Cops Encrypt Radio to Stop Cell Phone Eavesdropping
Anxiety over the public snooping of police radios using smartphones is persuading a growing number of U.S. police forces to take the controversial step of moving their communications to fully-encrypted operation.
The Washington D.C. police department has become the latest to adopt radio encryption after mounting evidence that criminals were listening in to police conversations using cheap applications running on mass-market phones, the Associated Press has reported.
The same adoption is happening in Orange County, Florida; Santa Monica, California; and even small out-of-the-way towns in Kansas, the agency discovered.
Although scanning open analogue and digital radio services has been possible for decades using fixed radios, doing so reliably from any location or while moving is extremely difficult - the frequencies vary widely for different services across county and state boundaries.

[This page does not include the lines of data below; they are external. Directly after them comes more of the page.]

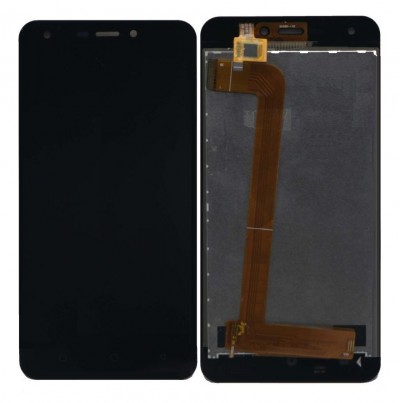 Lcd With Touch Screen For Intex Aqua Trend Lite Black By - Maxbhi Com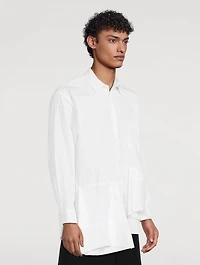 Asymmetric Long-Sleeve Shirt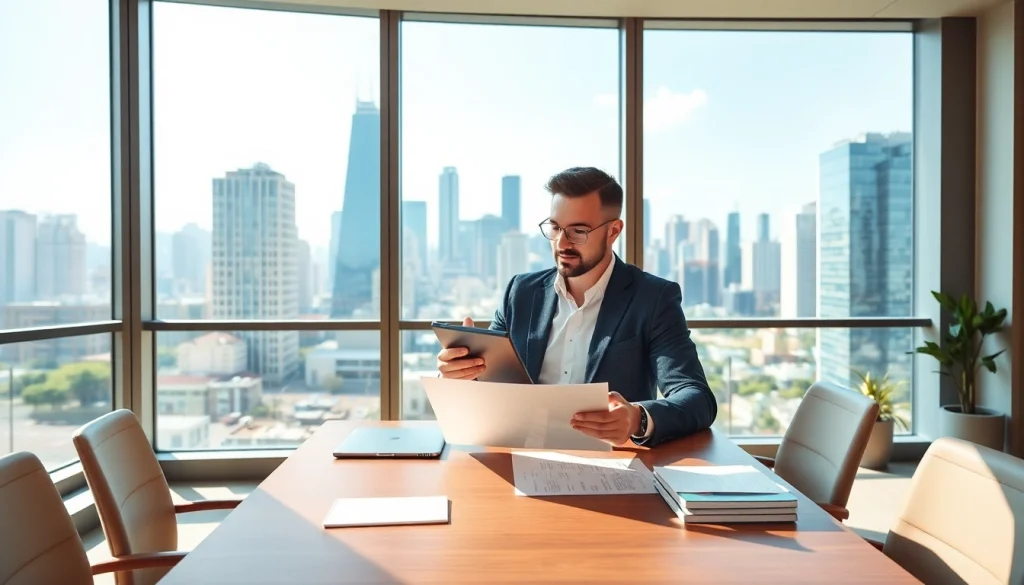 Erleben Sie die Expertise von https://frankfurt-bester-immobilienmakler.de durch kompetente Beratung in modernem Büro.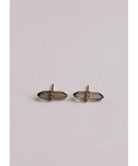 Smoky Quartz Mineral Point Hope Earrings - PINK ARROWS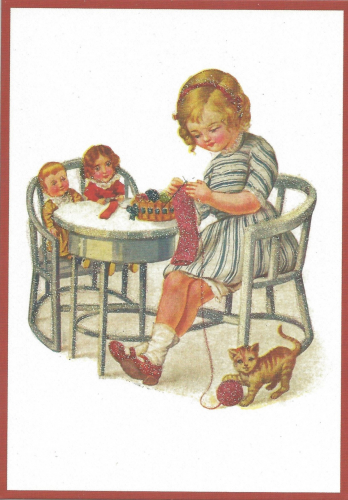 Glückwunschpostkarte beglittert 6Gg104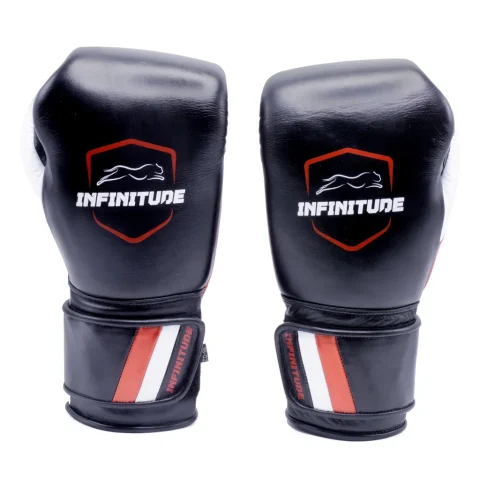 RAIDER PRO BOXING GLOVES | Black & Red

Smartphone apps take the legwork out of eavesdropping by streaming the content for a wide range of emergency services from the Internet in almost real time. One prominent iPhone app, Scanner 911, costs only $1.99 and supports hundreds of North American services. (To encrypt your own phone calls, there are cell phone security apps such as Cellcrypt.)
"It concerns the officers when you see the same vehicle keep showing up at your scenes. What is their intent when they keep showing up?," Garden City police department officer Sgt Michael Reagle is quoted as saying.
In addition to criminal monitoring, journalists are also enthusiastic eavesdroppers, keen to use radio traffic between emergency and police teams as a way of getting ahead on news stories.
The system used for encryption on US radio communications at this level is ACPO P25, which adds complexity (such as key management and distribution) and expense, which has until now slowed its take-up. A recent technical paper also found fault with P25, noting its vulnerability to denial of service disruption using low-cost equipment.
Others worry about the implications of making police communications closed to public and journalistic oversight, which is encouraging some police forces to adopt a mixed approach, with some communications secured and others open.
In the U.K. and many other countries the dominant digital radio standard for police communication is terrestrial trunked radio (TETRA), which comes with a built-in encryption interface.